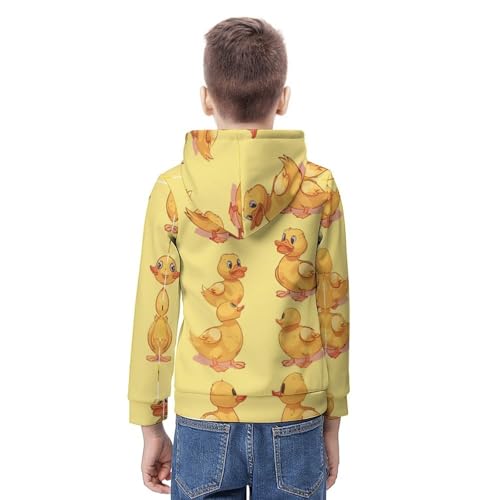 Sweat à capuche canard enfant 5-13 ans à manches longues taille L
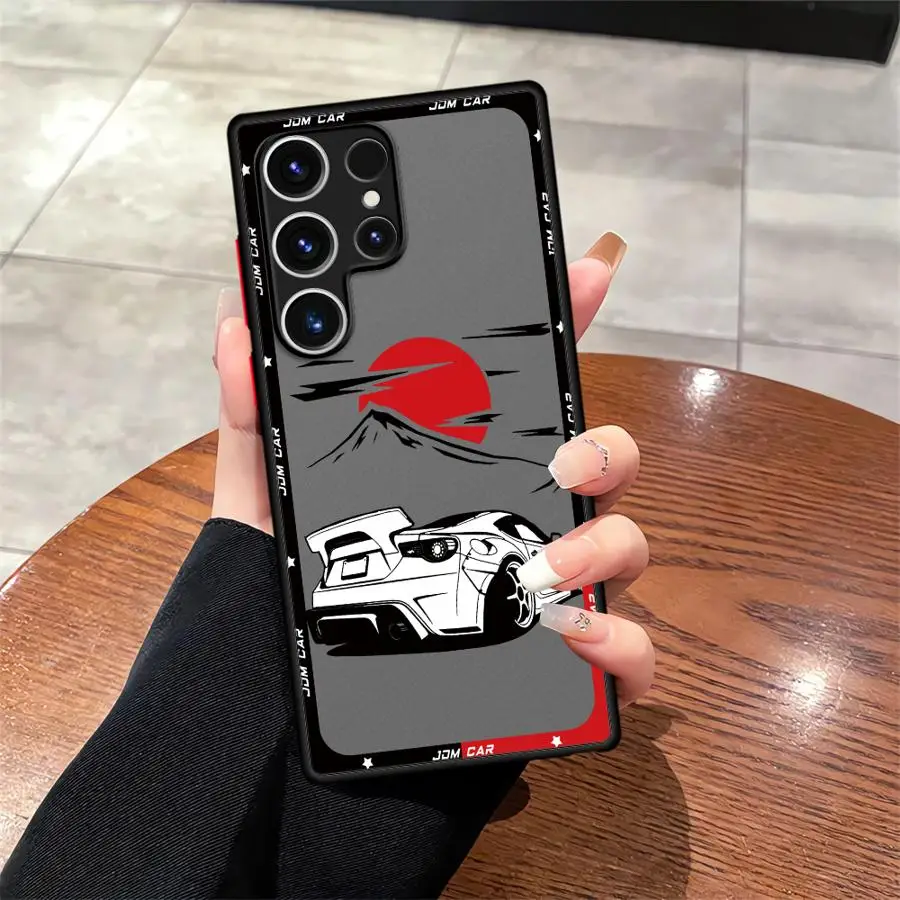 Japanese Drift Car Red Sun Phone Case Cover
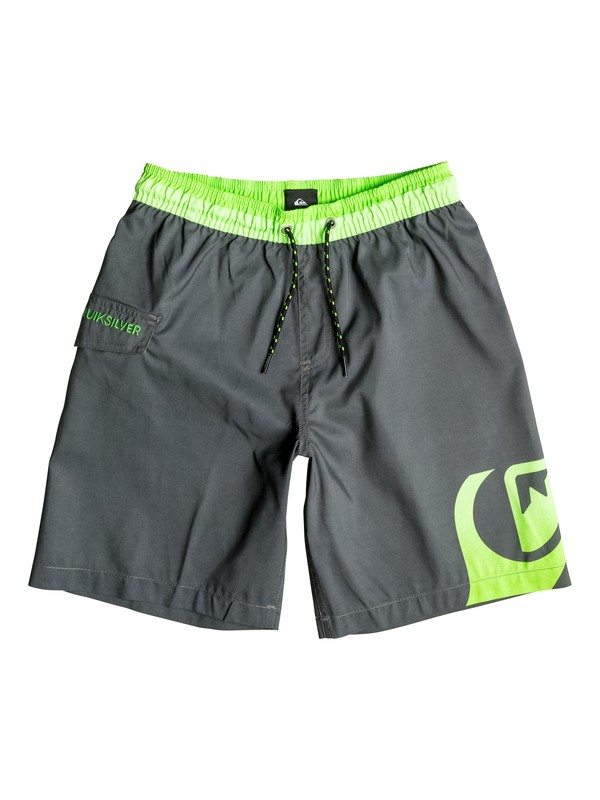 quiksilver, Side Swipe 17" - Short de bain, SIDE SWIPE DARK SHADOW (krp6) 0 Side Swipe 17" - Short de bain Noir EQBJV03028 Quiksilver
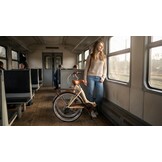 Vouwfiets - 26 inch - met 7 versnellingen - crème bruin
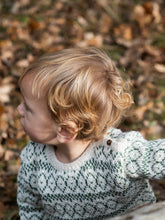 Load image into Gallery viewer, Baby Alpaca Pattern Creme Sweater
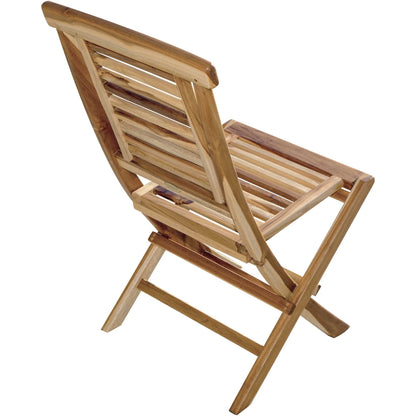 23" Natural Solid Wood Outdoor Dining Chair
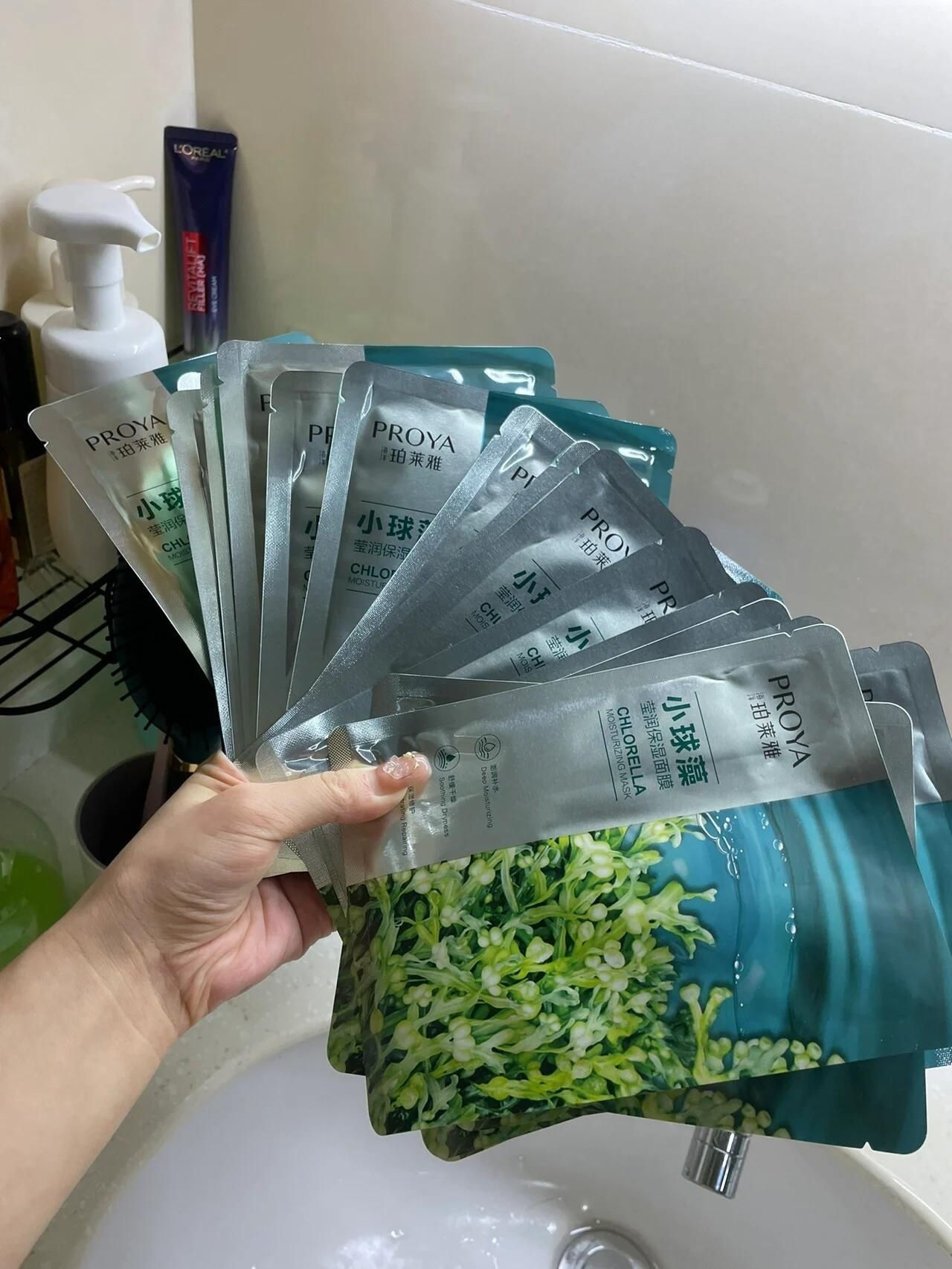 日常囤货面膜!珀莱雅小球藻,补水舒缓改善干燥起皮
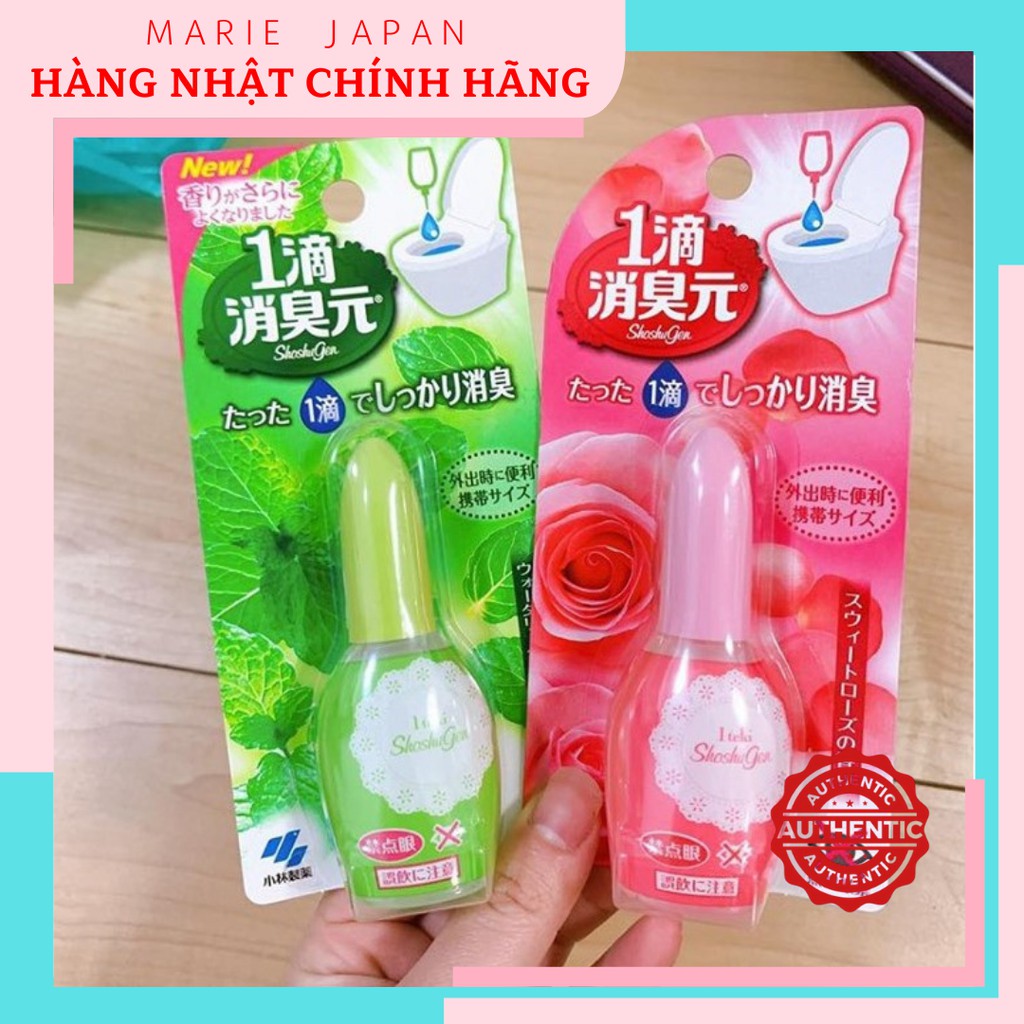 Nước nhỏ thơm bồn cầu Iteki Shoshugen Kobayashi 20ml Nhật Bản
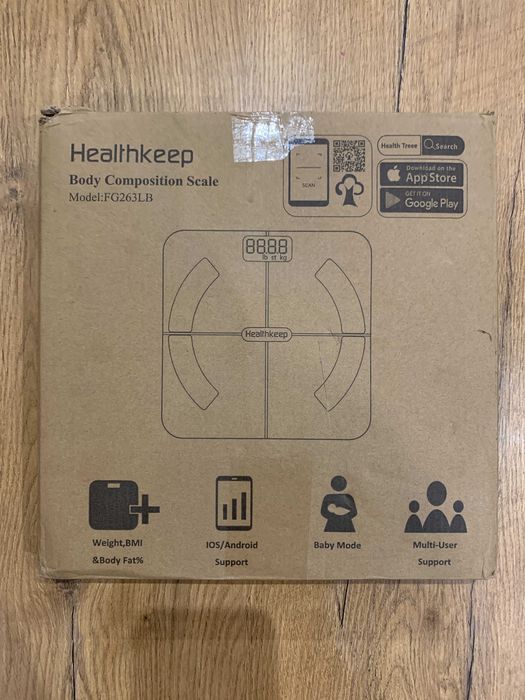 Waga Healthkeep 13 Funkcji Bluetooth 4.0 Aplikacja do 180 Kg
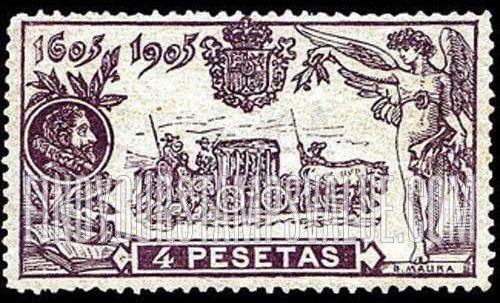 FindYourStampsValue: Don Quixote In bullock cart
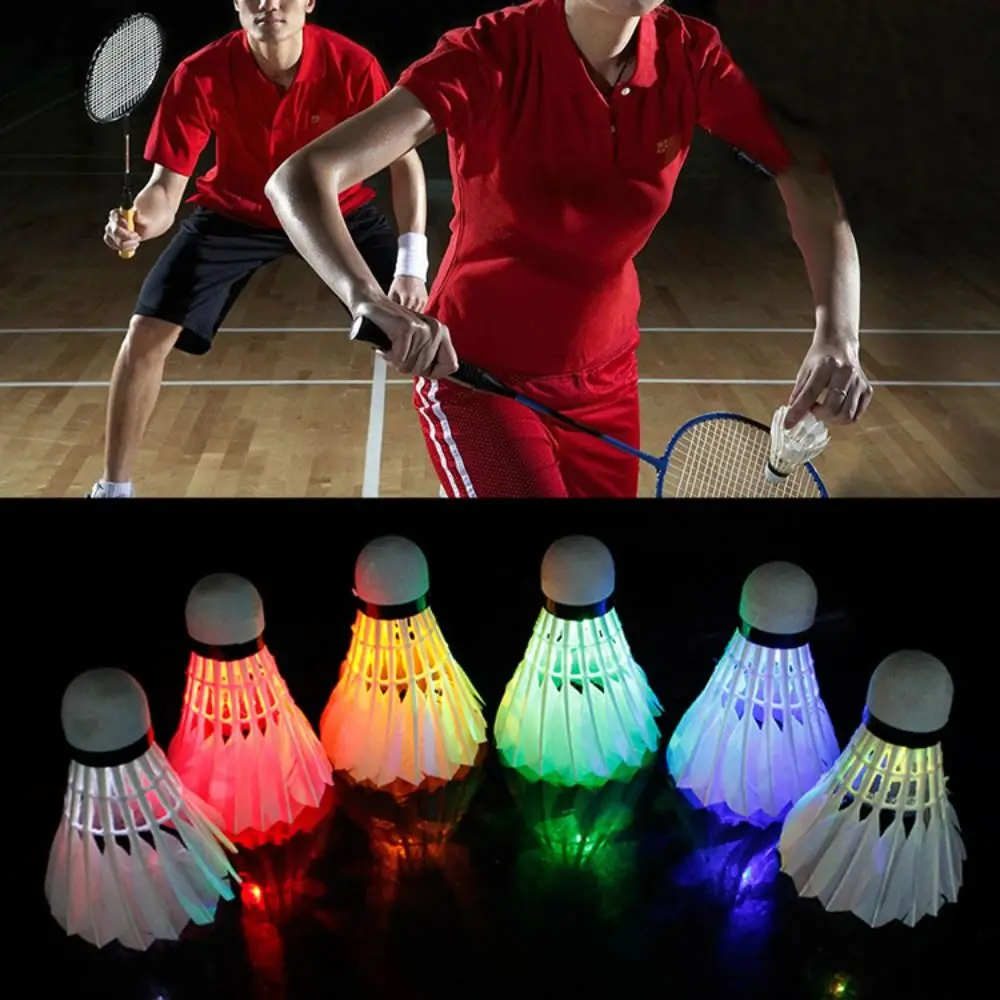 

Windproof High Elasticity Outdoor & Indoor LED Lamp Coloful Glowing Ball Lighting Badminton Goose Feather Shuttlecock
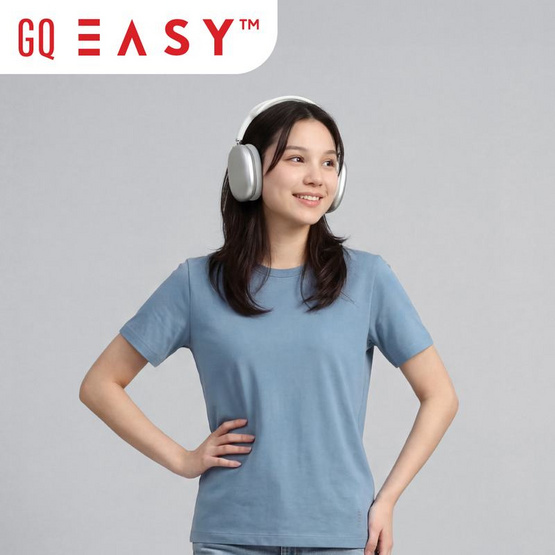 GQ Easy จีคิวอีซี่ เสื้อยืด สีฟ้ายามเช้า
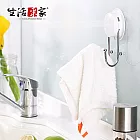 【生活采家】GarBath吸盤系列廚房萬用雙掛勾(2入組)#99232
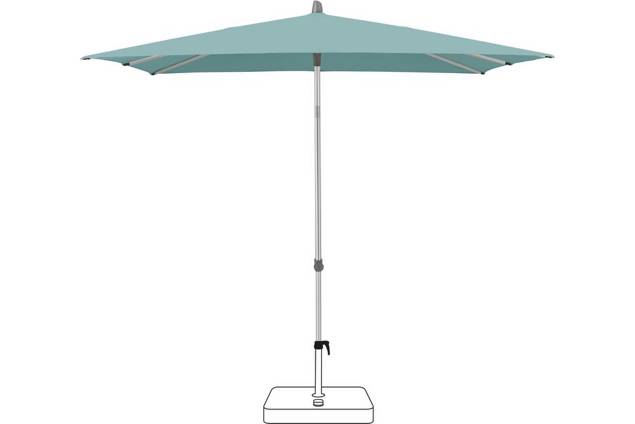 ALU-SMART Sonnenschirm Glatz quadratisch 200 x 200 cm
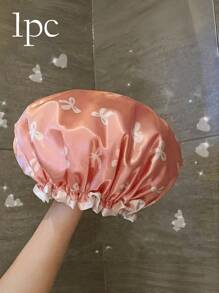 2 PIEZAS Gorro de satén lujoso y sedoso con cordón ajustable - Gorro protector de cabello ligero para comodidad durante toda la noche, cuidado del cabello y ducha - Ideal para mujeres y hombres, decoración del hogar y del baño, decoración de otoño, vuelta al colegio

▶ **Task directions**
Exact reproduction is required. Output only the lines from the one with "Outdoor Dining Chair" through the end of the listing above, both ends included, and no pictures.

▶ **Response**
 23" Natural Solid Wood Outdoor Dining Chair
 日常囤货面膜!珀莱雅小球藻,补水舒缓改善干燥起皮
 Nước nhỏ thơm bồn cầu Iteki Shoshugen Kobayashi 20ml Nhật Bản
 Waga Healthkeep 13 Funkcji Bluetooth 4.0 Aplikacja do 180 Kg
 FindYourStampsValue: Don Quixote In bullock cart

Windproof High Elasticity Outdoor & Indoor LED Lamp Coloful Glowing Ball Lighting Badminton Goose Feather Shuttlecock
 GQ Easy จีคิวอีซี่ เสื้อยืด สีฟ้ายามเช้า
 【生活采家】GarBath吸盤系列廚房萬用雙掛勾(2入組)#99232
 ALU-SMART Sonnenschirm Glatz quadratisch 200 x 200 cm
 2 PIEZAS Gorro de satén lujoso y sedoso con cordón ajustable - Gorro protector de cabello ligero para comodidad durante toda la noche, cuidado del cabello y ducha - Ideal para mujeres y hombres, decoración del hogar y del baño, decoración de otoño, vuelta al colegio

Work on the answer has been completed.